Step 2: Coerce concept set from S4 Capr to S4 list
Once the concept sets have been set within the query object, Capr
will then go through the entire definition and extract just the concept
set objects and turn them into an S3 list. The internal function
listConceptSets
completes this task, returning a list of
all the concept sets used in the definition and removing duplicates.
Step 3: Coerce cohort logic from S4 Capr to S3 list
The cohort logic is now coerced separately from the concept sets. In
the circe-be json the concept sets are a different slot the remainder of
the definition. Capr handles this the same using the internal
as.list
to coerce the Capr S4 object to an S3 list. It
binds the concept set list with the cohort logic list.

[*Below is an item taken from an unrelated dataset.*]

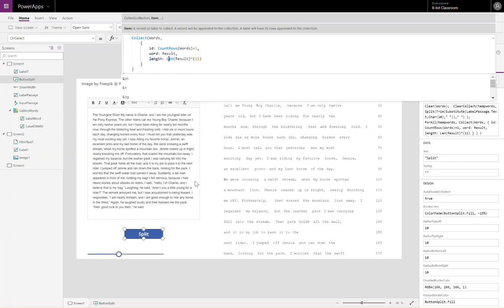And this works because the font that is used inside the gallery is a fixed width font, meaning every single letter, capital, lowercase, letters like M, which are typically longer, are all the same width. So it's a fixed width font.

Step 4: Convert S3 list to json
Once the object is coerced into an S3 list it can be converted into
json using the jsonlite
R package. The function
jsonlite::toJSON
only works on an S3 list. Capr is designed
in S4 because of the complexity of the system, making it easier to
prevent mistakes by the user.
Capr uses S4 classes in order to define the underpinnings of the cohort definition. These S4 classes are closely related to the circe-be java classes that specify the structure of the cohort definition. The Capr classes assume a few differences in order to allow for parameterization of the cohort definition via templating and provided suggested organizational improvements to the structure. The decision to use S4 classes was made because of the need to have a strict interface to adhere to the circe-be class. S4 classes are well suited for very complex codebases, according to Advanced R. Capr’s relation to circe-be has the sort of complexity, particularly for the coercion aspect of Capr where the same method is applied slightly differently to each class. Classes are an important aspect of Capr and S4 provides a good balance between functional and object-oriented programming.